[DATA SEGMENT]:

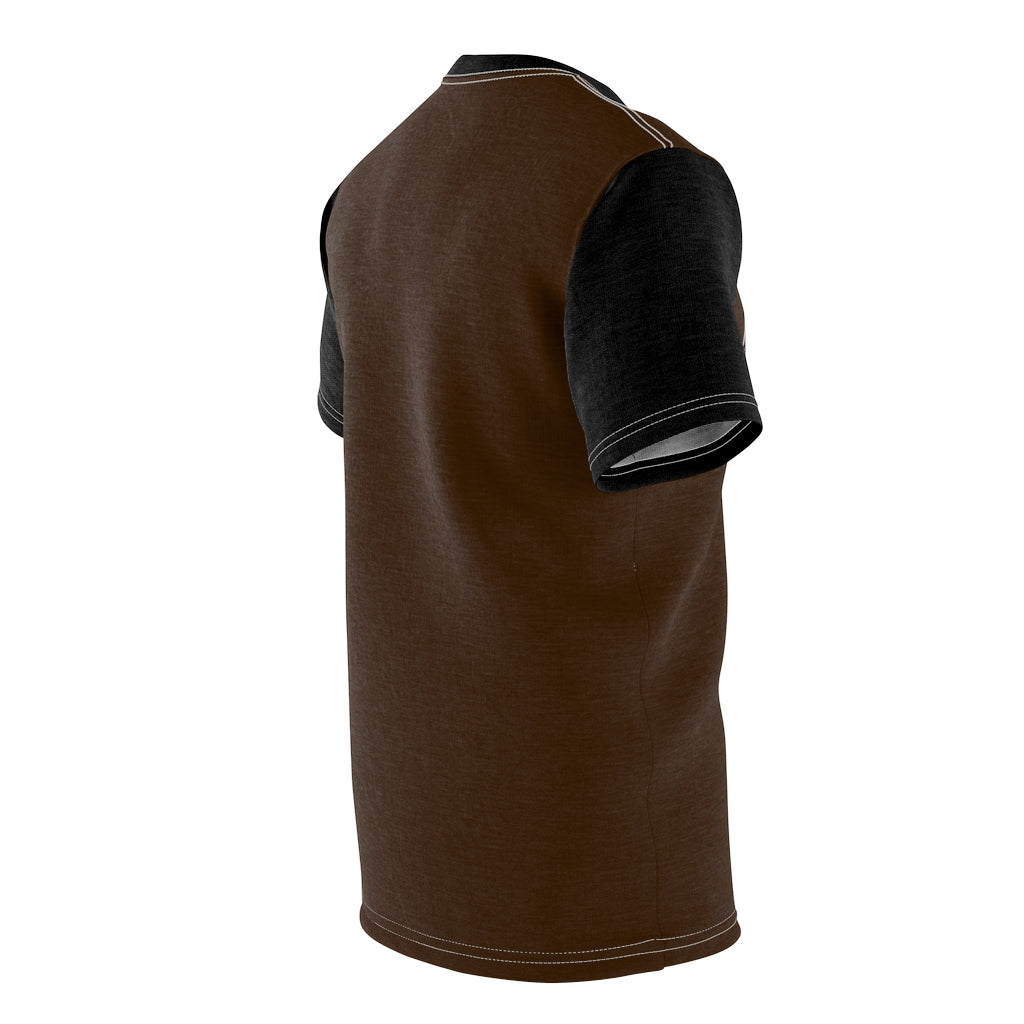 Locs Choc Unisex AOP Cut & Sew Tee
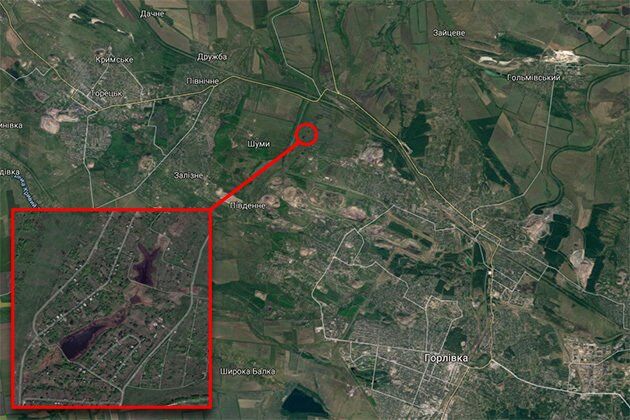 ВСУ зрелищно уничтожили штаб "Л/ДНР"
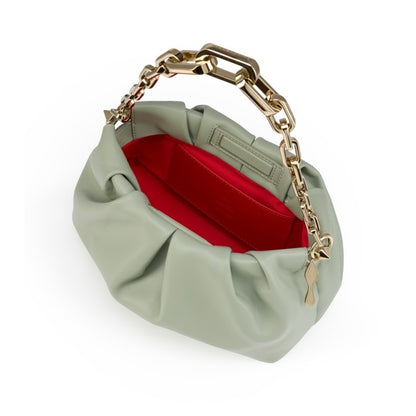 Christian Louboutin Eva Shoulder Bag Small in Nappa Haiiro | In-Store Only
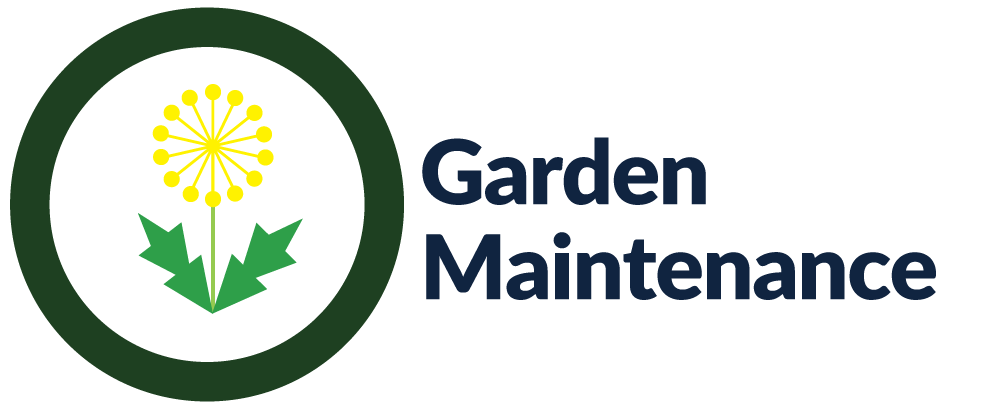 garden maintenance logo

[ACTION ITEM]:
All of the material above goes into the copy exactly as is; the pictures do not.

[RESULT OF THIS TASK]:
 Locs Choc Unisex AOP Cut & Sew Tee
 ВСУ зрелищно уничтожили штаб "Л/ДНР"
 Christian Louboutin Eva Shoulder Bag Small in Nappa Haiiro | In-Store Only
 garden maintenance logo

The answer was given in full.